··· Data to process ···
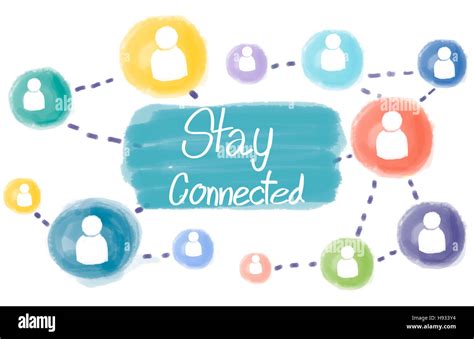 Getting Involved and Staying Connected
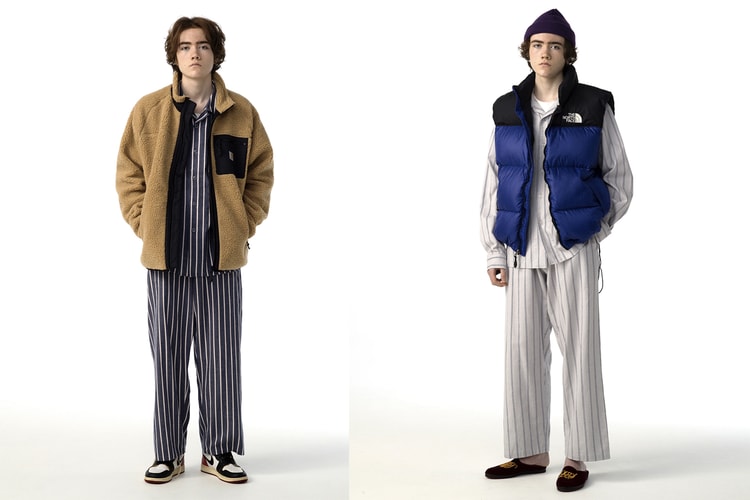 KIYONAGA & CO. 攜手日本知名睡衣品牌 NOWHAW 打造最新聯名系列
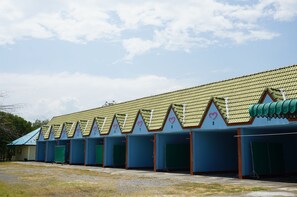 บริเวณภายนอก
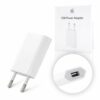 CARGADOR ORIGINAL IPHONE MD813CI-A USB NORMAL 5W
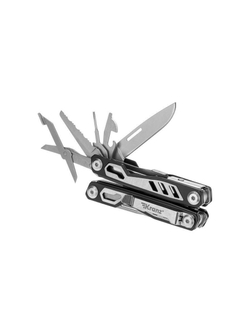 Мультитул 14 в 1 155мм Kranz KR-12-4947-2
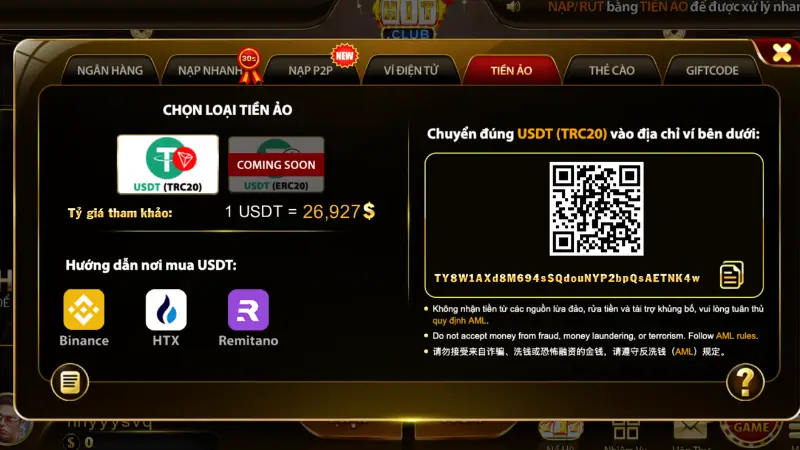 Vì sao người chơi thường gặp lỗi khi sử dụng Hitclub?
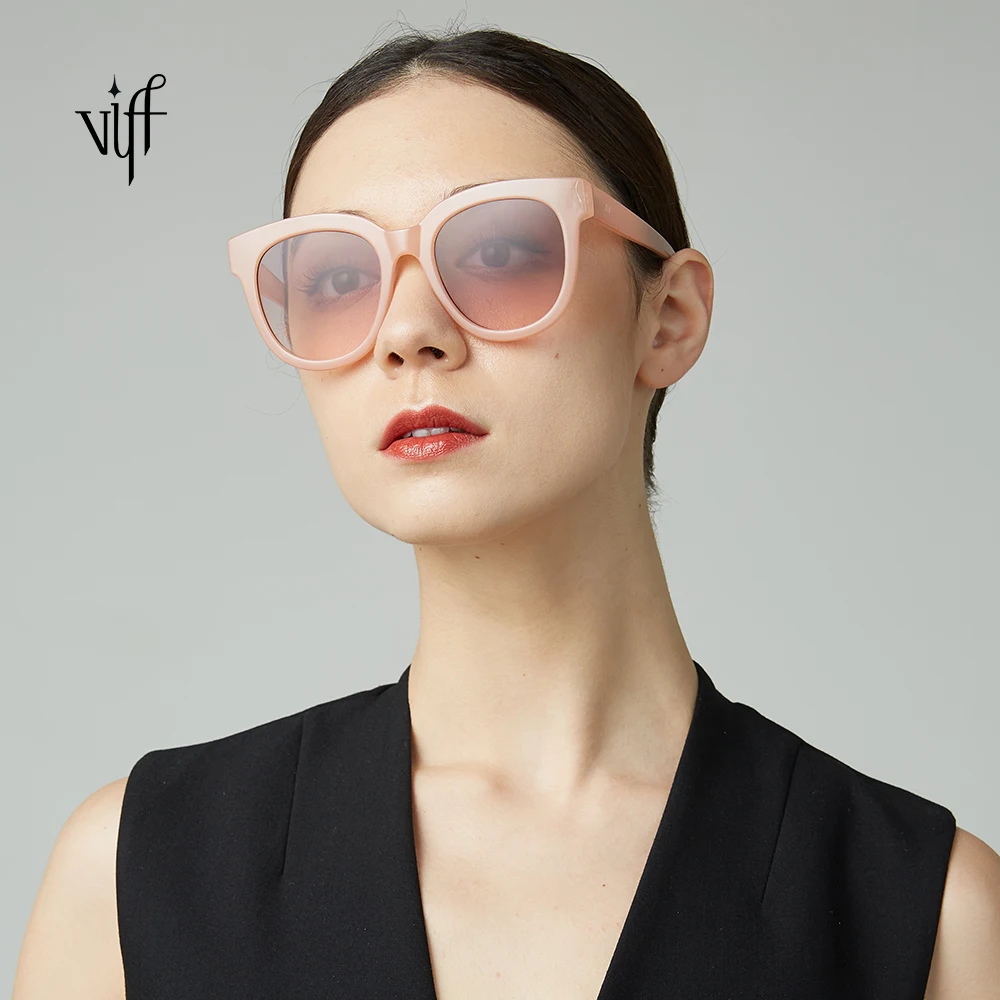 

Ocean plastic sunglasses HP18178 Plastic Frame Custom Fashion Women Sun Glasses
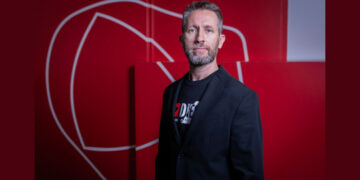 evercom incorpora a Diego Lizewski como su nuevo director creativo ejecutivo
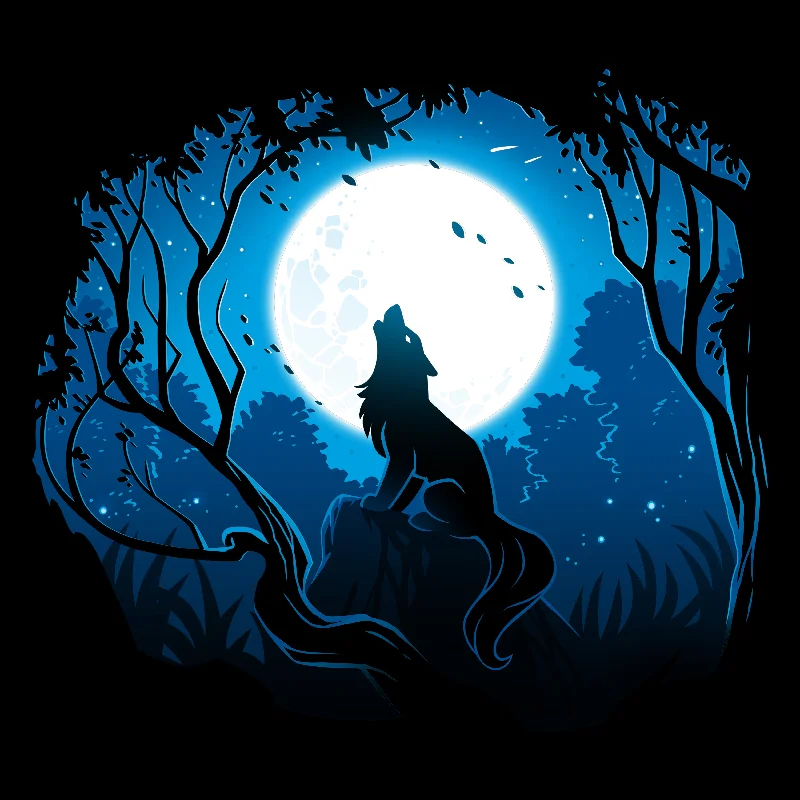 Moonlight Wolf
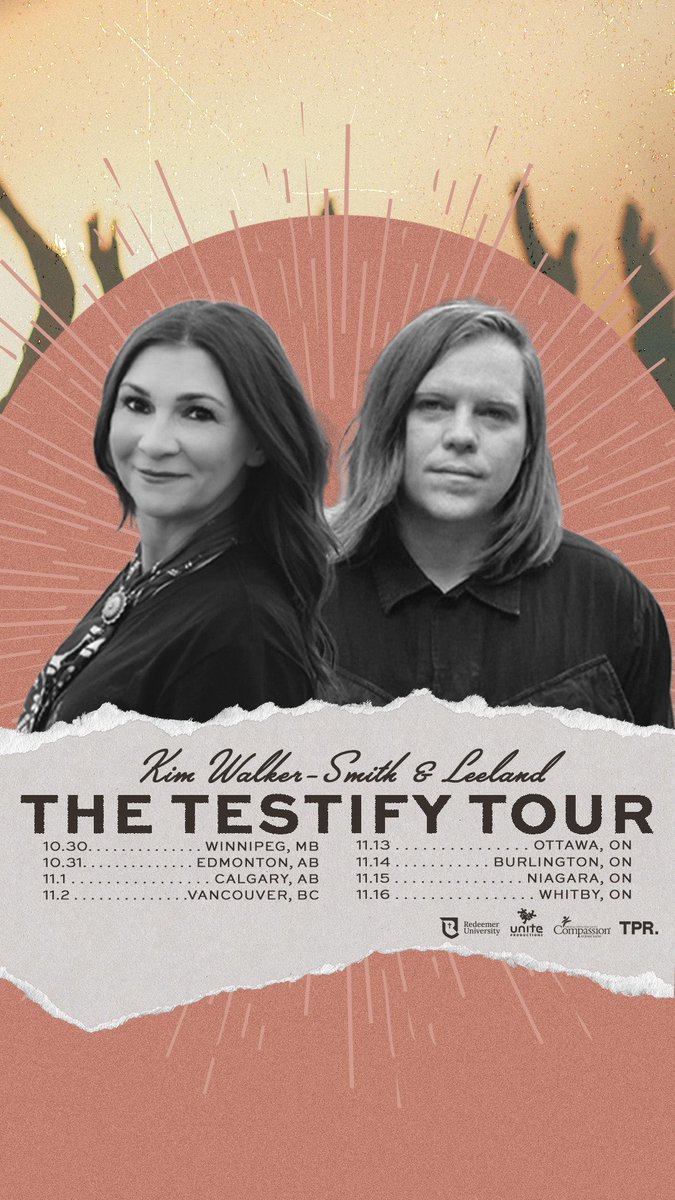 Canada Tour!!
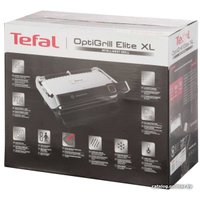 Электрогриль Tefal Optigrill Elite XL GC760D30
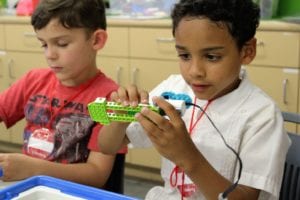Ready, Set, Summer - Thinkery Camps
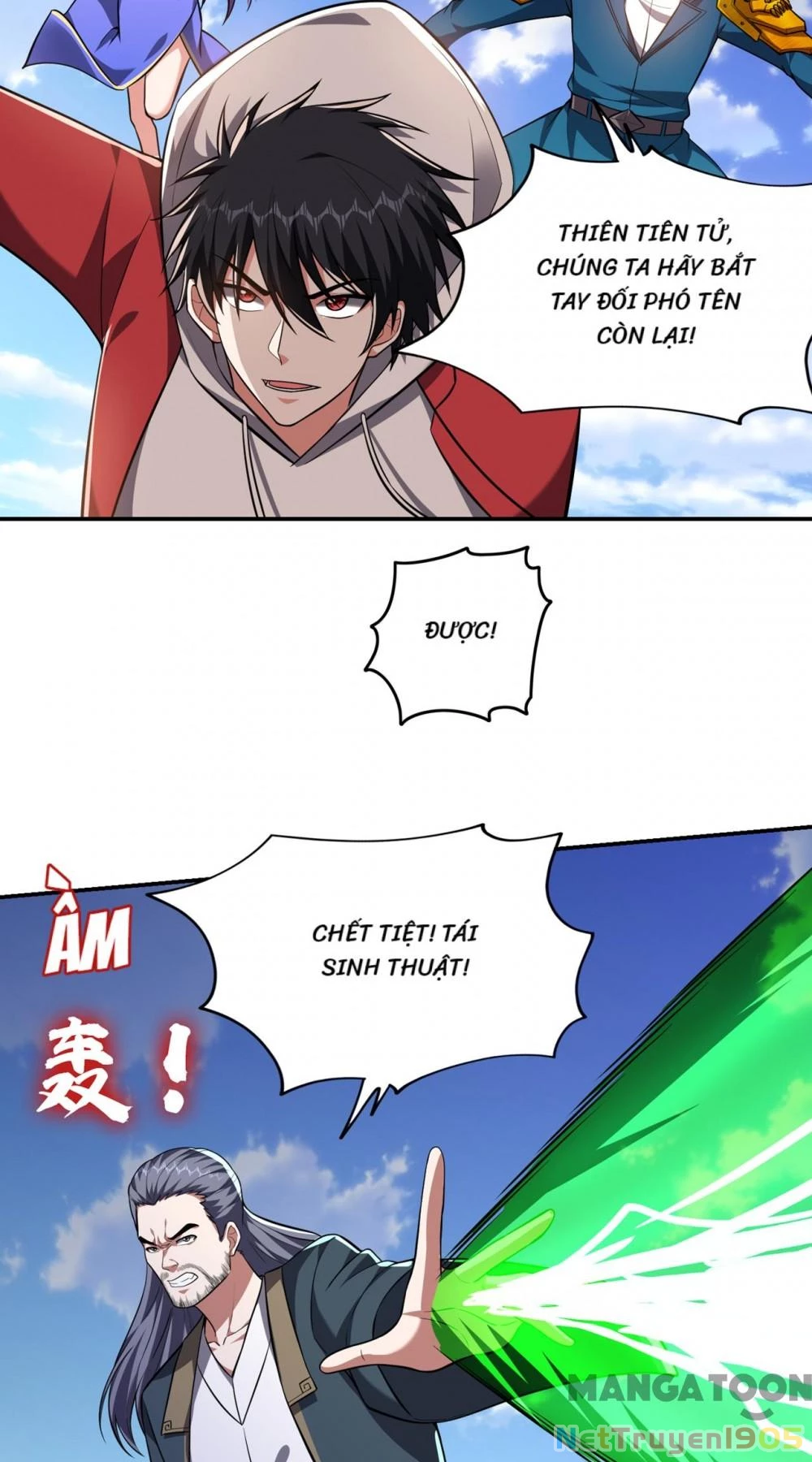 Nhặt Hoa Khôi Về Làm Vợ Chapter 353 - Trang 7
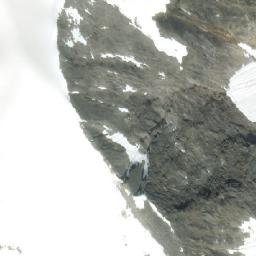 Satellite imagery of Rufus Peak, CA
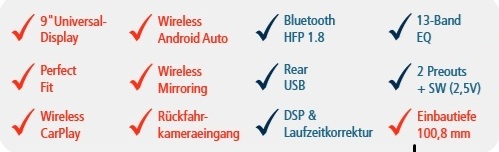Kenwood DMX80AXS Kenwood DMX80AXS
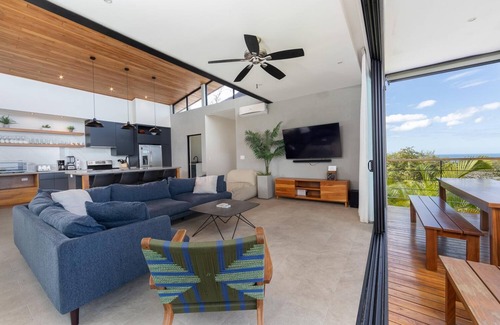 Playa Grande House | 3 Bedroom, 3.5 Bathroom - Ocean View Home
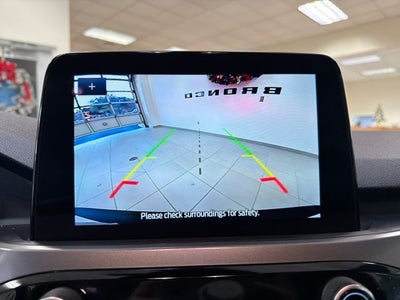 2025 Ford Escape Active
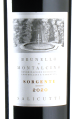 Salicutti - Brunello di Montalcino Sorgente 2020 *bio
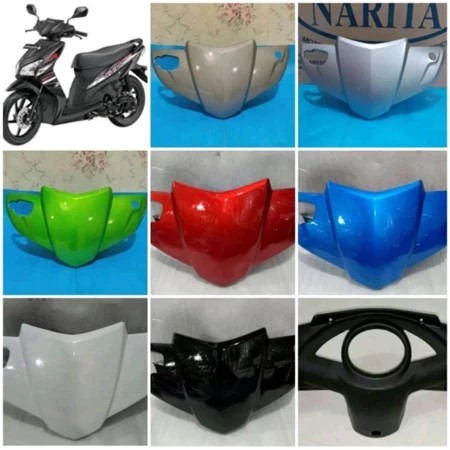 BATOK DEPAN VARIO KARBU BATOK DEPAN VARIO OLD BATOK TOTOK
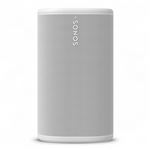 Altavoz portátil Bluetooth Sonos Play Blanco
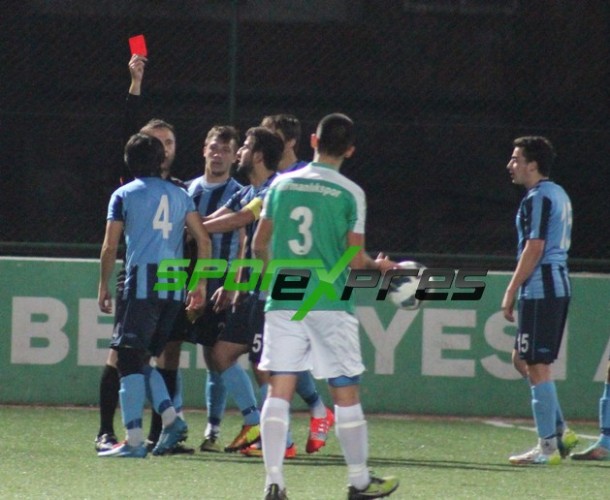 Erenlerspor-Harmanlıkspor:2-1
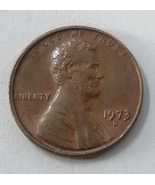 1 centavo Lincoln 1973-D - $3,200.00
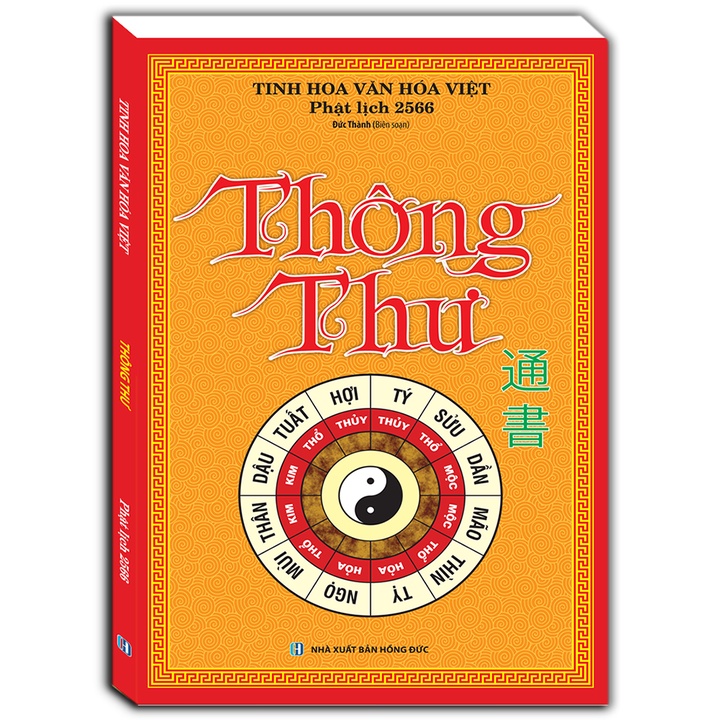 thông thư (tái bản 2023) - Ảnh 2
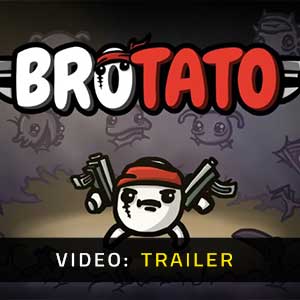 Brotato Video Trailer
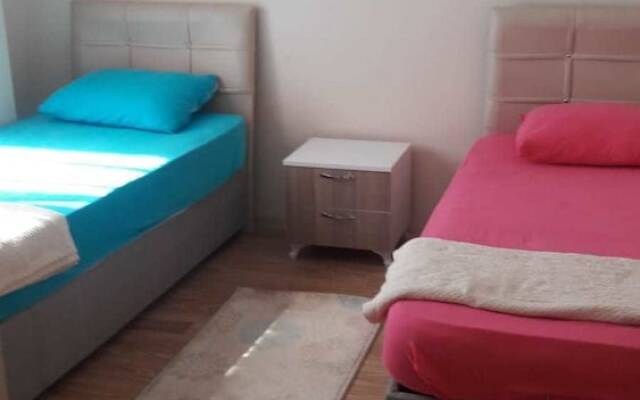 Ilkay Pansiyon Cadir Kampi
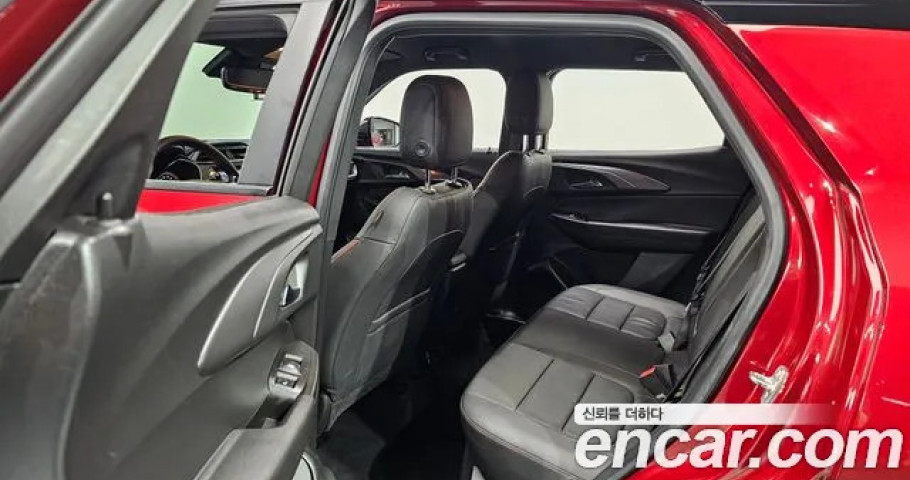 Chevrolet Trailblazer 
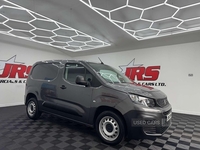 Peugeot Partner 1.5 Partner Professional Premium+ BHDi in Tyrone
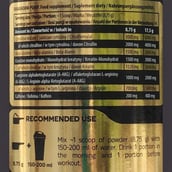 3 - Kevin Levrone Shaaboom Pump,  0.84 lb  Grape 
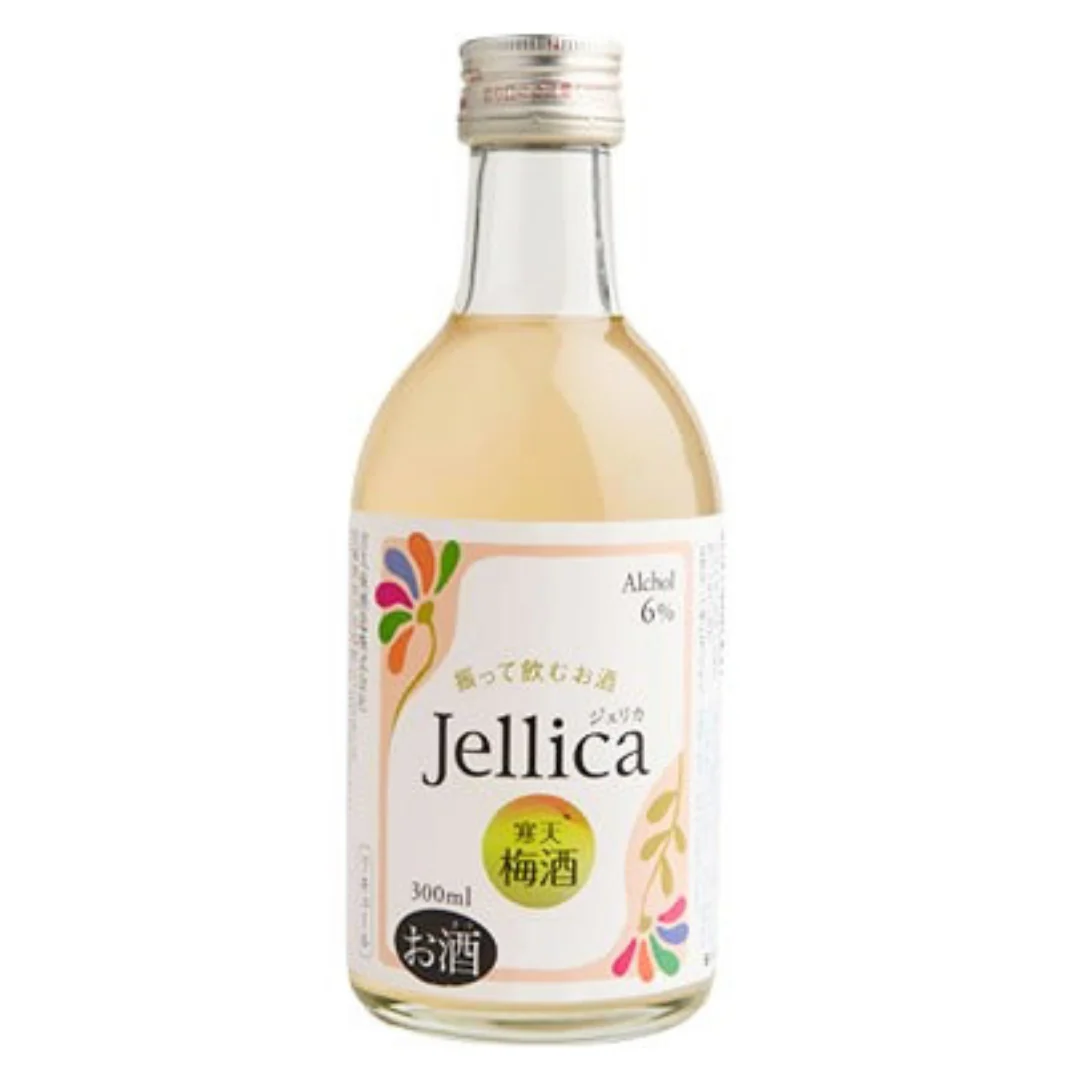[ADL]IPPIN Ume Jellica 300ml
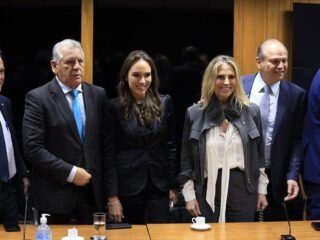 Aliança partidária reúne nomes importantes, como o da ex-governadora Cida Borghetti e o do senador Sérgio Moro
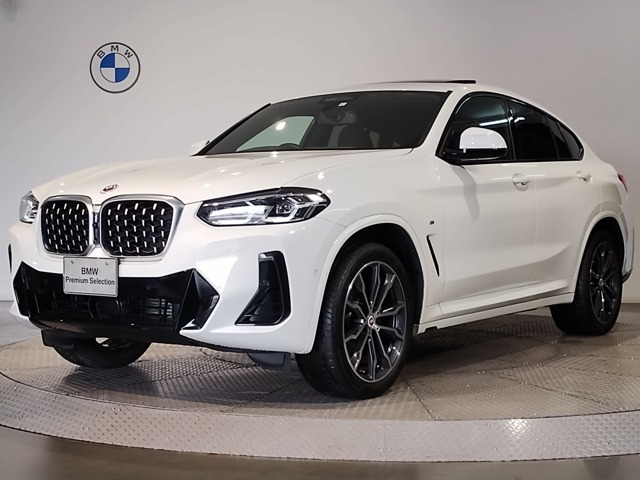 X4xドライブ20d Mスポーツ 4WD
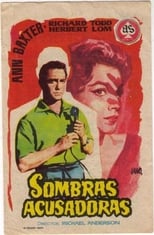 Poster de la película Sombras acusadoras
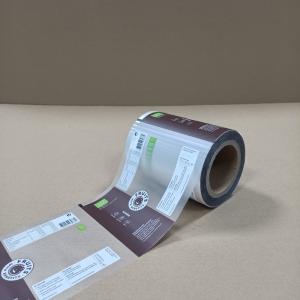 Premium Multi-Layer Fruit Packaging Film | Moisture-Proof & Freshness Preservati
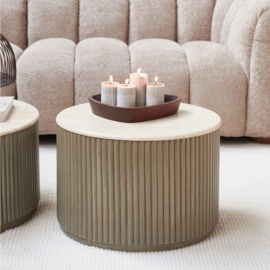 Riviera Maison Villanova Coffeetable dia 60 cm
···
Exercise:
Give the entries again without a single change, but with no pictures.

Problem solution:
 Getting Involved and Staying Connected
 KIYONAGA & CO. 攜手日本知名睡衣品牌 NOWHAW 打造最新聯名系列
 บริเวณภายนอก
 CARGADOR ORIGINAL IPHONE MD813CI-A USB NORMAL 5W
 Мультитул 14 в 1 155мм Kranz KR-12-4947-2
 Vì sao người chơi thường gặp lỗi khi sử dụng Hitclub?

Ocean plastic sunglasses HP18178 Plastic Frame Custom Fashion Women Sun Glasses
 evercom incorpora a Diego Lizewski como su nuevo director creativo ejecutivo
 Moonlight Wolf
 Canada Tour!!
 Электрогриль Tefal Optigrill Elite XL GC760D30
Ready, Set, Summer - Thinkery Camps
 Nhặt Hoa Khôi Về Làm Vợ Chapter 353 - Trang 7
 Satellite imagery of Rufus Peak, CA
Kenwood DMX80AXS Kenwood DMX80AXS
 Playa Grande House | 3 Bedroom, 3.5 Bathroom - Ocean View Home
 2025 Ford Escape Active
 Salicutti - Brunello di Montalcino Sorgente 2020 *bio
 BATOK DEPAN VARIO KARBU BATOK DEPAN VARIO OLD BATOK TOTOK
 Altavoz portátil Bluetooth Sonos Play Blanco
 Erenlerspor-Harmanlıkspor:2-1
 1 centavo Lincoln 1973-D - $3,200.00
 thông thư (tái bản 2023) - Ảnh 2
 Brotato Video Trailer
 Ilkay Pansiyon Cadir Kampi
 Chevrolet Trailblazer 
 Peugeot Partner 1.5 Partner Professional Premium+ BHDi in Tyrone
 3 - Kevin Levrone Shaaboom Pump,  0.84 lb  Grape 
[ADL]IPPIN Ume Jellica 300ml
 Aliança partidária reúne nomes importantes, como o da ex-governadora Cida Borghetti e o do senador Sérgio Moro
 X4xドライブ20d Mスポーツ 4WD
 Poster de la película Sombras acusadoras
 Premium Multi-Layer Fruit Packaging Film | Moisture-Proof & Freshness Preservati
 Riviera Maison Villanova Coffeetable dia 60 cm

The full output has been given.